Nintendo offers $20,000 bounty for 3DS exploits

4.8

Are you rather good at discovering hardware vulnerabilities? If so, Nintendo wants your help.

According to a notice from the company in partnership with HackerOne, Nintendo is offering up to $20,000 for the discovery of critical security vulnerabilities with 3DS systems.

The invitation is open to “highly skilled researchers” to find and address vulnerabilities which could “jeopardize the hardware environment.”

Subjects listed below are examples of what Nintendo is keen on preventing:

Piracy, including:

Game application dumping
Copied game application execution
Cheating, including:
Game application modification
Save data modification
Dissemination of inappropriate content to children

Vulnerabilities:

System vulnerabilities regarding the Nintendo 3DS™ family of systems
Privilege escalation on ARM11 userland
ARM11 kernel takeover
ARM9 userland takeover
ARM9 kernel takeover
Vulnerabilities regarding Nintendo-published applications for the Nintendo 3DS™ family of systems
ARM11 userland takeover
Hardware vulnerabilities regarding the Nintendo 3DS™ family of systems
Low-cost cloning
Security key detection via information leaks

Of course, there are terms and conditions to the incentive, and Nintendo reserves the right to choose “whether or not it will address” any reported vulnerabilities.

“Nintendo will pay rewards to the first reporter of qualifying vulnerability information ranging from $100 USD to $20,000 USD. Only one reward per qualifying piece of vulnerability information will be awarded. Nintendo will determine at its discretion whether the vulnerability information qualifies for a reward as well as the amount of any such reward. Nintendo does not disclose how the reward amount is calculated. Vulnerability information that is already known to Nintendo or the public, for example, does not qualify for a reward. Rewards will not be issued to individuals who are on sanction lists, or who are in countries on sanction lists.”

Posted: Dec 06, 2016 2:07 pm
Related Forum: Gaming Discussion

Source: http://www.vg247.com/2016/12/06/nintendo-offering-up-to-20000-to-anyone-who-can-discover-3ds-hardware-vulnerabilities/

Comments

MickersPosted: Tue.
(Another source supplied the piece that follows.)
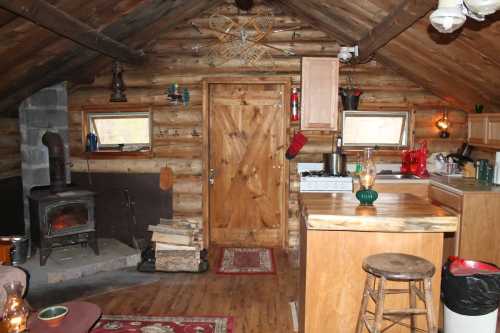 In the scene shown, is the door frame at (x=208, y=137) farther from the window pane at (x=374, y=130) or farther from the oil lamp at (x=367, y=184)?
the oil lamp at (x=367, y=184)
Dec 06, 2016

It's a good idea, but i don't ever think every exploit will always be found.

16Posted: Tue. Dec 06, 2016

They're dropping a sum for this, then again it is a bug bounty and plenty of companies offer that 20k tops tier

EarnPosted: Tue. Dec 06, 2016

Thats alot of money they are willing to give for exploits. To get the full price the exploit must be extremely bad, hopefully their isn't to many exploits.
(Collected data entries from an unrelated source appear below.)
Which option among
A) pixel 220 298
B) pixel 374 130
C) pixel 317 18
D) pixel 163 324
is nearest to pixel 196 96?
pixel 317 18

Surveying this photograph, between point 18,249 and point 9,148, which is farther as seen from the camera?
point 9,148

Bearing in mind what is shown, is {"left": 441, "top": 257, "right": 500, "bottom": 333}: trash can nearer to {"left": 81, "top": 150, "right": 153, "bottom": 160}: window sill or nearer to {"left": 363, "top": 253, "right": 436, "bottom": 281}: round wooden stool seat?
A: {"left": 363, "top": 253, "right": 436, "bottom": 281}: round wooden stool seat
BondsPosted: Tue. Dec 06, 2016

FibreOp Just wow, funny how the article says 20k but in description they change it from ranging $100 to $20k. Plus Nintendo decides what the info is worth and how much. Sounds like a scam to only give out $100 instead of never giving out 20k :P

I'd imagine that they are looking for a very specific exploit and if someone finds it they might be so inclined to give them 20k (doubt it tho)
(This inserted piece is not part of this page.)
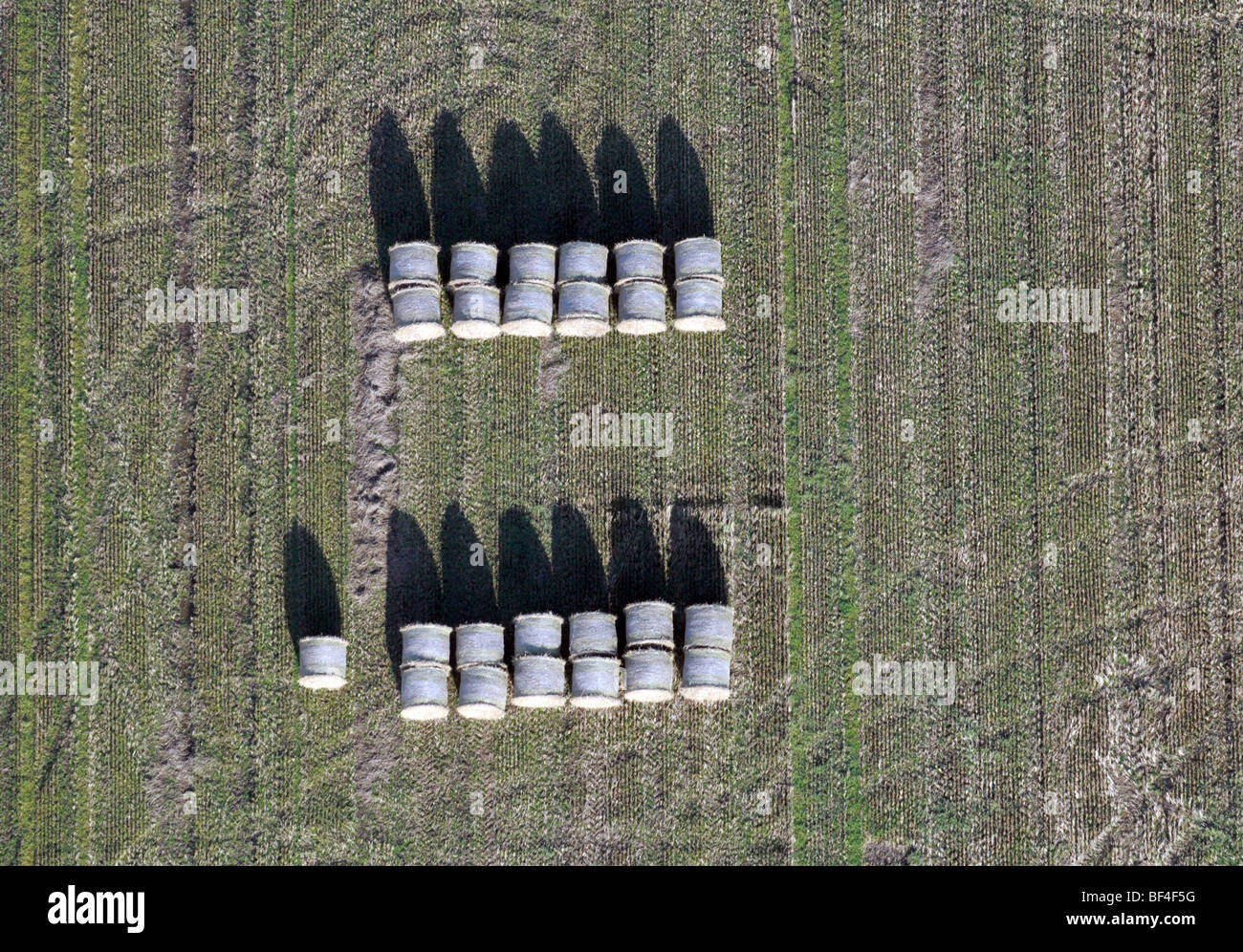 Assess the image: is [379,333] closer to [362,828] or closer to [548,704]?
[548,704]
FibrilPosted: Tue. Dec 06, 2016

Just wow, funny how the article says 20k but in description they change it from ranging $100 to $20k. Plus Nintendo decides what the info is worth and how much. Sounds like a scam to only give out $100 instead of never giving out 20k :P

NickPosted: Tue. Dec 06, 2016

$20k isn't even that much to put that much effort into something like this

RickPosted: Tue. Dec 06, 2016

it's a really good idea for the company but for only $20k for a exploit that could potentially ruin their monetary intake for the device doesn't seem worth it even if I knew how to find such exploits.

ZydrinPosted: Tue. Dec 06, 2016

Holy hell! Wish I could find exploits. $20k would bail me out of debt.

SkatesPosted: Tue. Dec 06, 2016

Ah takes me back to the good old days of Halo and trying trying to find exploits, like jumping in the same spot a thousand times lmao.
I wonder if anyone will find an exploit worthy of them handing out 20k.